Extracting a Custom Property


In [1]:
from chemdataextractor import Document
from chemdataextractor.model import Compound
from chemdataextractor.doc import Paragraph, Heading

Example Document

Let's create a simple example document with a single heading followed by a single paragraph:


In [2]:
d = Document(
    Heading(u'Synthesis of 2,4,6-trinitrotoluene (3a)'),
    Paragraph(u'The procedure was followed to yield a pale yellow solid (b.p. 240 °C)')
)

What does this look like:


In [3]:
d


Out[3]:

Synthesis of 2,4,6-trinitrotoluene (3a)

The procedure was followed to yield a pale yellow solid (b.p. 240 °C)

Default Parsers

By default, ChemDataExtractor won't extract the boiling point property:


In [4]:
d.records.serialize()


Out[4]:
[{'labels': ['3a'], 'names': ['2,4,6-trinitrotoluene'], 'roles': ['product']}]

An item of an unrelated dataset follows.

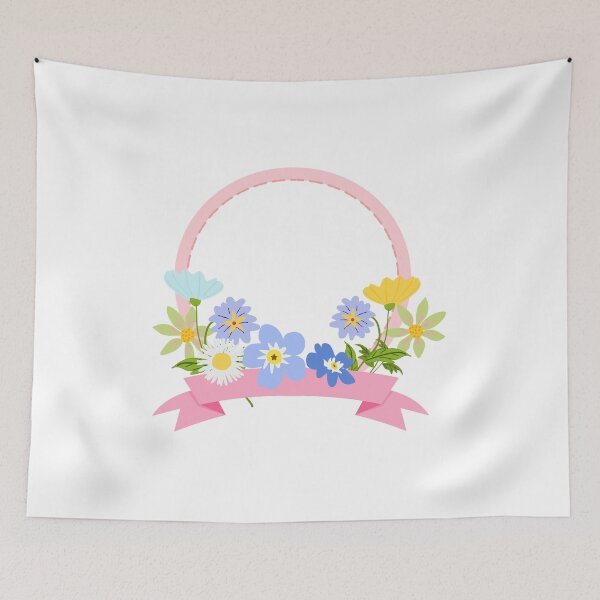 Item preview, Pink Ribbon flowers frame designed and sold by Jayjaynaenae.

Defining a New Property Model

The first task is to define the schema of a new property, and add it to the Compound model:


In [5]:
from chemdataextractor.model import BaseModel, StringType, ListType, ModelType

class BoilingPoint(BaseModel):
    value = StringType()
    units = StringType()
    
Compound.boiling_points = ListType(ModelType(BoilingPoint))

Writing a New Parser

Next, define parsing rules that define how to interpret text and convert it into the model:


In [6]:
import re
from chemdataextractor.parse import R, I, W, Optional, merge

prefix = (R(u'^b\.?p\.?$', re.I) | I(u'boiling') + I(u'point')).hide()
units = (W(u'°') + Optional(R(u'^[CFK]\.?$')))(u'units').add_action(merge)
value = R(u'^\d+(\.\d+)?$')(u'value')
bp = (prefix + value + units)(u'bp')

In [7]:
from chemdataextractor.parse.base import BaseParser
from chemdataextractor.utils import first

class BpParser(BaseParser):
    root = bp

    def interpret(self, result, start, end):
        compound = Compound(
            boiling_points=[
                BoilingPoint(
                    value=first(result.xpath('./value/text()')),
                    units=first(result.xpath('./units/text()'))
                )
            ]
        )
        yield compound

In [8]:
Paragraph.parsers = [BpParser()]

Running the New Parser


In [9]:
d = Document(
    Heading(u'Synthesis of 2,4,6-trinitrotoluene (3a)'),
    Paragraph(u'The procedure was followed to yield a pale yellow solid (b.p. 240 °C)')
)

d.records.serialize()


Out[9]:
[{'boiling_points': [{'units': '°C', 'value': '240'}],
  'labels': ['3a'],
  'names': ['2,4,6-trinitrotoluene'],
  'roles': ['product']}]